4.) I noticed only three drives have breeched the Stanford red zone to date. A.) Is that because they played Army and UC-Davis, meaning two of the four foes faced had no chance? and B.) Who cares!? That's remarkable. Is the defense as good as they seem early? What makes this Stanford defense stand out, and is it similar to the units that have qualified for four straight BCS Bowls?
MD: This is no fluke. Like Notre Dame counterpart Brian VanGorder, new defensive coordinator Lance Anderson leads a surprisingly devastating group. They pitched two shutouts against inferior competition. They allowed one touchdown against USC. They hit the road in one of the toughest home atmospheres in the country (Husky Stadium in Seattle) and allowed only 98 yards passing. The defense has compiled 138 negative yards in tackles-for-loss.

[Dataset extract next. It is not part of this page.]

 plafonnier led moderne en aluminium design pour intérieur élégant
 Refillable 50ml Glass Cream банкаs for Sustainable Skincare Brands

I see similarities in how opposing offenses react: Quarterbacks dancing around the pocket with happy feet, receivers extending alligator arms to poorly thrown passes. Kalambayi resembled a young Shayne Skov last week, and his three sacks were indeed the most by a Stanford player since Skov in 2011. I expect corners Alex Carter and Wayne Lyons to have their hands full Saturday against Notre Dame’s lanky and fast receivers, but there are no obvious weaknesses yet in this defense.
5.) David Shaw has not hidden his distaste for the Notre Dame program. Is the feeling mutual throughout the Cardinal fan base? Is that the case toward Stanford's other rivals (USC, Oregon, obviously Cal?) In other words, is there just a collective chip on the Cardinal shoulder after being down for so long and now always in contention? Or does Notre Dame now hold a special place with the Cardinal rising up and actually being the better program of the two over the last five seasons?

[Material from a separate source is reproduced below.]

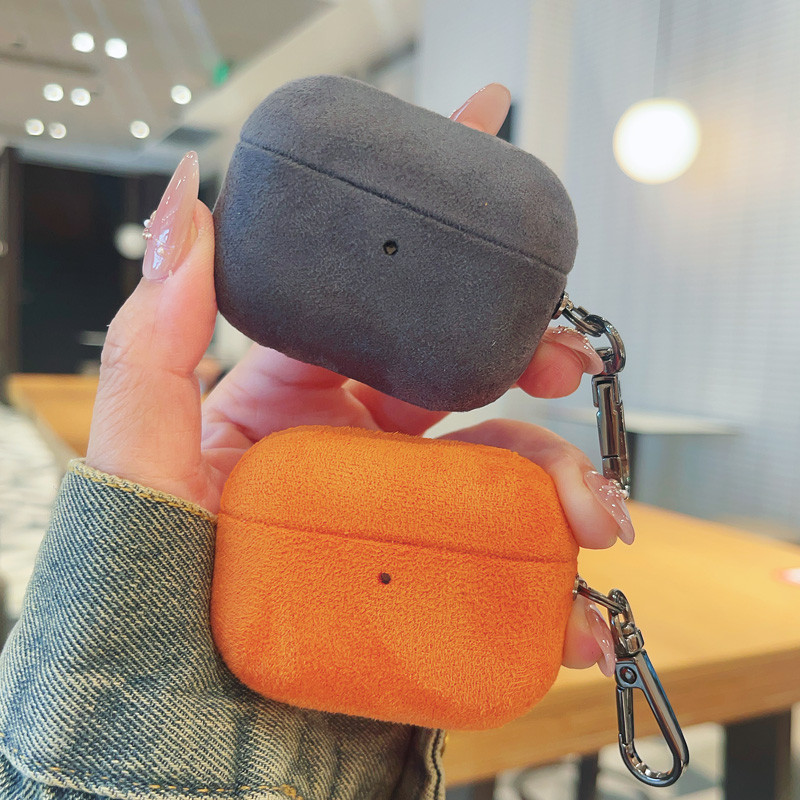 เหมาะสําหรับ AirPods4 AirPods 4 Air Pods 4 Air Pods4 4th Generation หนังหูฟัง Suede หูฟัง Shock-resi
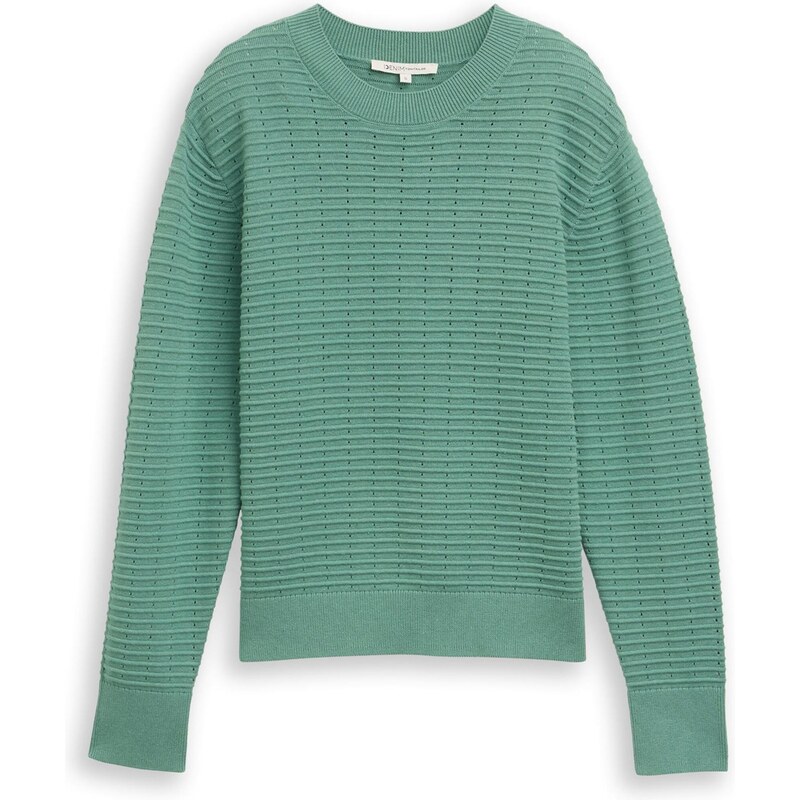 TOM TAILOR DENIM Sveter smaragdová 67036185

MD: Good questions, though I’ve never heard Shaw say anything disparaging about Notre Dame. Before I go into my observations about Stanford’s relationship with the Irish, I will say the schools you mention do arouse serious emotions from those The Farm. Most Cardinal fans would describe their counterparts as follows:
-- Oregon: Lightweights who think college football history began in 1994.
-- Cal: Wannabe working class heroes with a serious mean streak (best typified by NFL Network’s Mike Silver). “Kal” is the term coined by The Bootleg years ago
-- USC, aka “U$C”: Arrogant snobs of the highest order.
There’s no downplaying Notre Dame’s mark on college football. How a small, Catholic school in Indiana boasts such a rabid fan following and storied tradition is remarkable. It’s one thing for the college football establishment to reward this influence with undeserved BCS bids (as in a Fiesta Bowl berth over Oregon in 2005). When it comes to this series with Notre Dame, Stanford catered so much to the Irish to the point of selling out.
The Thanksgiving weekend tilt becomes one less home game with the students in session, all the while Notre Dame coaches earn an extended stay in California to court recruits. Subway alumni have an excuse to flock here for a long weekend. Instances like the 1:26 mark of this video, or Brady Quinn’s 4-0 record against Stanford make all that hard for Cardinal fans to swallow. Stanford was much better off with the 1989-1997 format, hosting a game under sunny October skies and with students on campus. What makes the present day so intriguing is that the two schools are rivals, competing for the same recruits and a place in the Top 10.